Short descriptive text snippets:
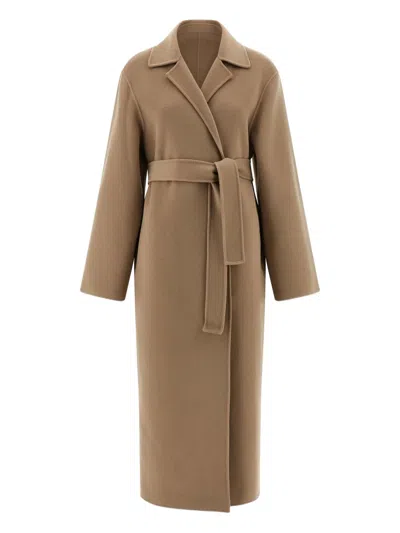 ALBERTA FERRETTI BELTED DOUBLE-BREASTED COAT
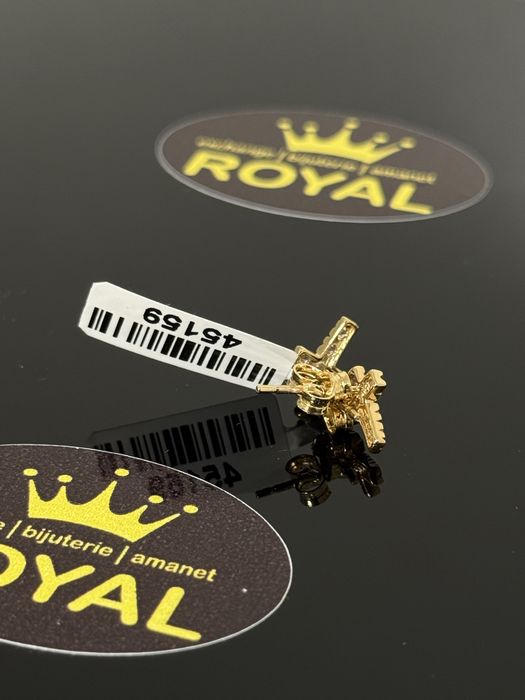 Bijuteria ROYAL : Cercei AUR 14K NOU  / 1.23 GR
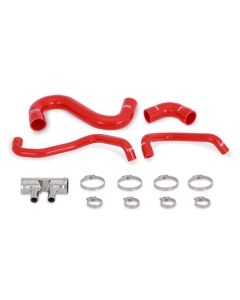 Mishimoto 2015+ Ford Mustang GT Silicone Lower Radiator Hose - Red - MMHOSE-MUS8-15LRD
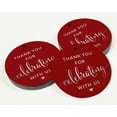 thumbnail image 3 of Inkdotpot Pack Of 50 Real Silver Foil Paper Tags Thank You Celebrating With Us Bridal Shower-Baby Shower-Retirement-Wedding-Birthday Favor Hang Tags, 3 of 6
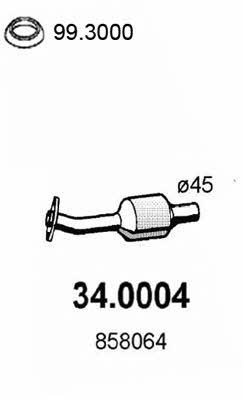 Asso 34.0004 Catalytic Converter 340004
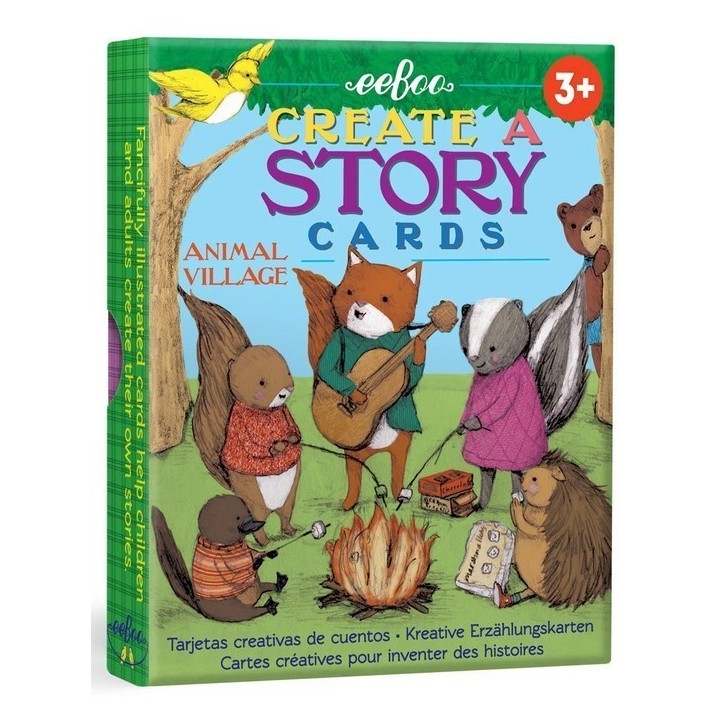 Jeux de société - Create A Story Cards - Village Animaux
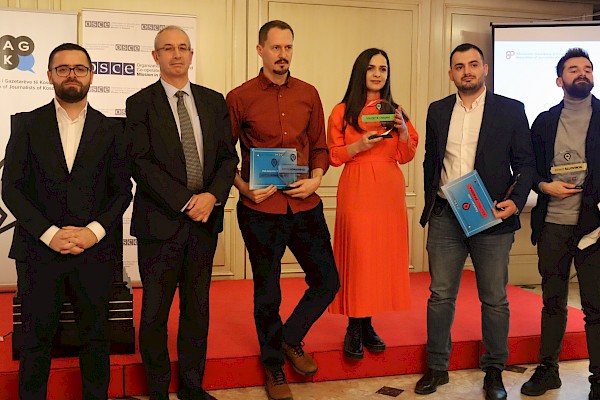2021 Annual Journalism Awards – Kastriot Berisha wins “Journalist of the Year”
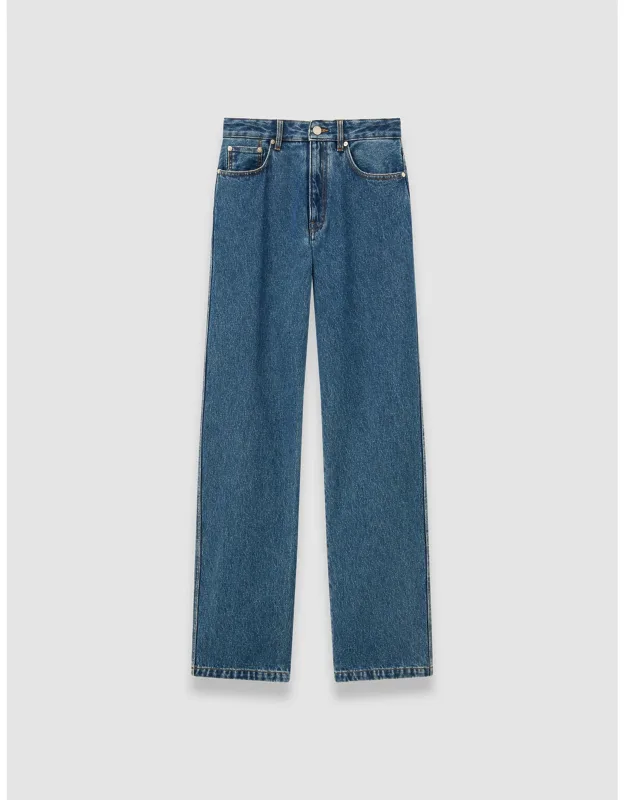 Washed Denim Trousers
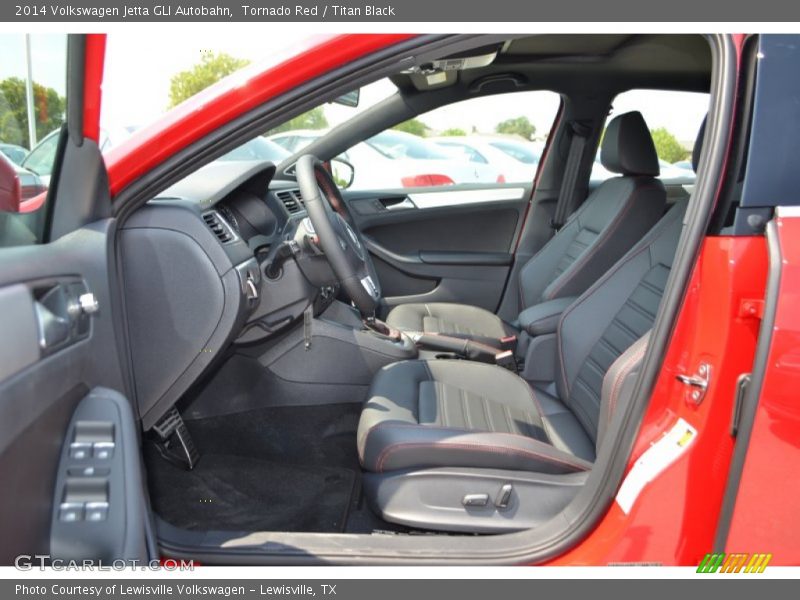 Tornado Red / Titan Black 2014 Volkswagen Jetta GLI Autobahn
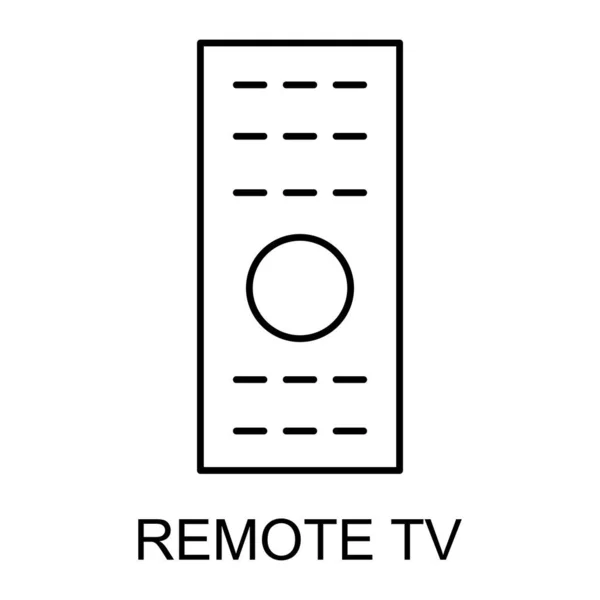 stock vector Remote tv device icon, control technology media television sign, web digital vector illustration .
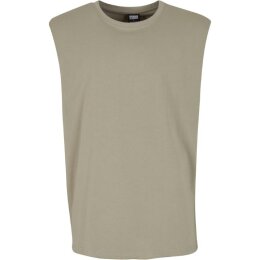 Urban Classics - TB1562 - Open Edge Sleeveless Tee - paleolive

## What to do
Your answer must contain the full data, repeated exactly, without pictures.

## Answer for the task
 ALBERTA FERRETTI BELTED DOUBLE-BREASTED COAT
 Bijuteria ROYAL : Cercei AUR 14K NOU  / 1.23 GR
 Mishimoto 2015+ Ford Mustang GT Silicone Lower Radiator Hose - Red - MMHOSE-MUS8-15LRD
 thumbnail image 3 of Inkdotpot Pack Of 50 Real Silver Foil Paper Tags Thank You Celebrating With Us Bridal Shower-Baby Shower-Retirement-Wedding-Birthday Favor Hang Tags, 3 of 6
 Asso 34.0004 Catalytic Converter 340004
 Jeux de société - Create A Story Cards - Village Animaux
2021 Annual Journalism Awards – Kastriot Berisha wins “Journalist of the Year”
 Washed Denim Trousers
 Tornado Red / Titan Black 2014 Volkswagen Jetta GLI Autobahn
 stock vector Remote tv device icon, control technology media television sign, web digital vector illustration .
 Urban Classics - TB1562 - Open Edge Sleeveless Tee - paleolive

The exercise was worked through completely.